Aber der Mann mit der Pistole verweigerte sich. Wahrscheinlich nicht aus praktischen Gründen, sondern bloß, um sich wenigstens in diesem Punkt gegen sein Opfer zu behaupten. Ein Opfer, das jetzt keines mehr war, denn der Blonde senkte die Waffe.
»Und nun?« fragte Stransky, lange nicht so erleichtert, wie er hätte sein müssen.
»Ich habe nicht geschossen«, stellte der Mann fest und folgerte: »Also habe ich die Seite gewechselt. Das heißt, daß ich Sie beschützen muß. Wofür man mich nicht einmal bezahlen wird. Dummheiten werden nicht entlohnt.«
»Na, vielleicht kann ich mich demnächst revanchieren. Ich finde es nämlich sehr viel erfreulicher, beschützt als bedroht zu werden.«
»Haben Sie eine Pistole?« fragte der Mann mit den hellen Brauen, die nun weiß waren wie Gänsefedern.

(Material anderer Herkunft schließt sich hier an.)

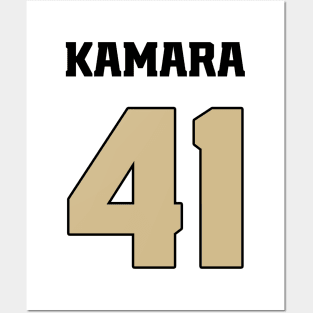 Alvin Kamara Posters and Art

»Im Rucksack«, erklärte Stransky.
»Nehmen Sie die Waffe an sich, damit Sie sie jederzeit ziehen können. Und wenn ich Sie darum bitte, erschießen Sie mich.«
»Warum sollte ich Ihnen einen solchen Wunsch erfüllen?« fragte Stransky.

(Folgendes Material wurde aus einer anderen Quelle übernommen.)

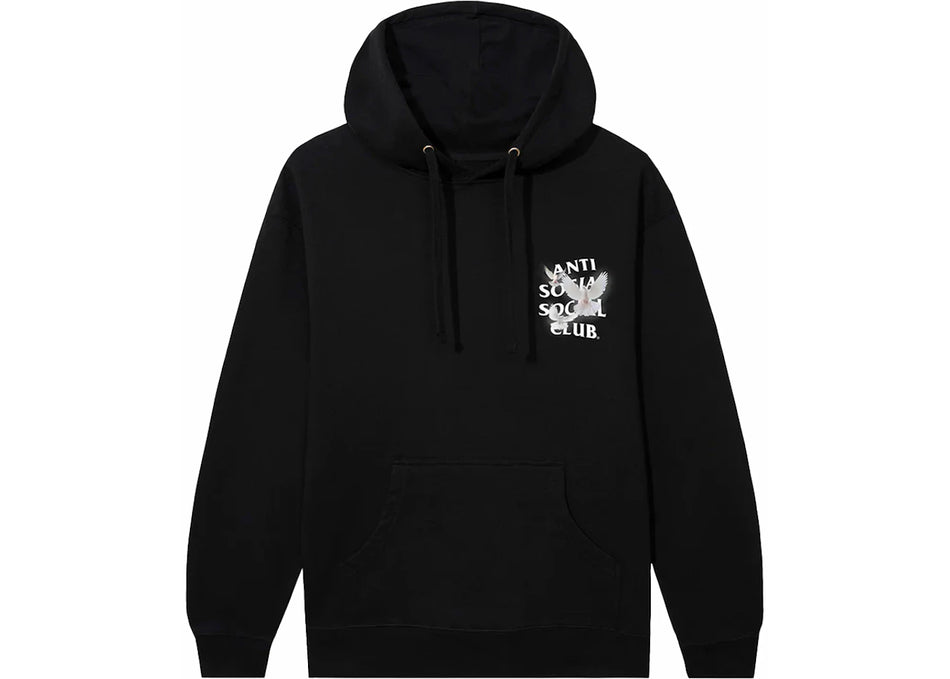 Anti Social Social Club Appreciate Life Hoodie Black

» Sie , Stransky, wird niemand quälen. Wenn Sie sterben, wird es schnell gehen.«
»Schneller als unser Gespräch hier?«
»So etwas wiederholt sich kein zweites Mal«, prophezeite der Blonde. »In meinem Gewerbe schwächelt immer nur einer. Nie zwei. Und das ist der Grund, daß man mich wird leiden lassen, wenn man mich erwischt. Und wie leiden! Darauf kann ich gerne verzichten. Falls ich also nicht mehr in der Lage bin, mir selbst ein rasches Ende zu bereiten, wäre es nett von Ihnen, wenn Sie das erledigen könnten, wenn Sie dann noch können. Denken Sie dabei, was Sie mir ersparen. Und was Sie mir schuldig sind. Mein Leben für Ihr Leben.«
»Ich habe noch nie jemand getötet.«
»Ich habe noch nie jemand am Leben gelassen.«
»Bis gerade eben.«
»Richtig. Sie sehen also, man kann sich ändern.«
»Also gut, wenn nötig, tue ich es«, sagte Stransky, wie man sagt: Wenn nötig, lasse ich anschreiben.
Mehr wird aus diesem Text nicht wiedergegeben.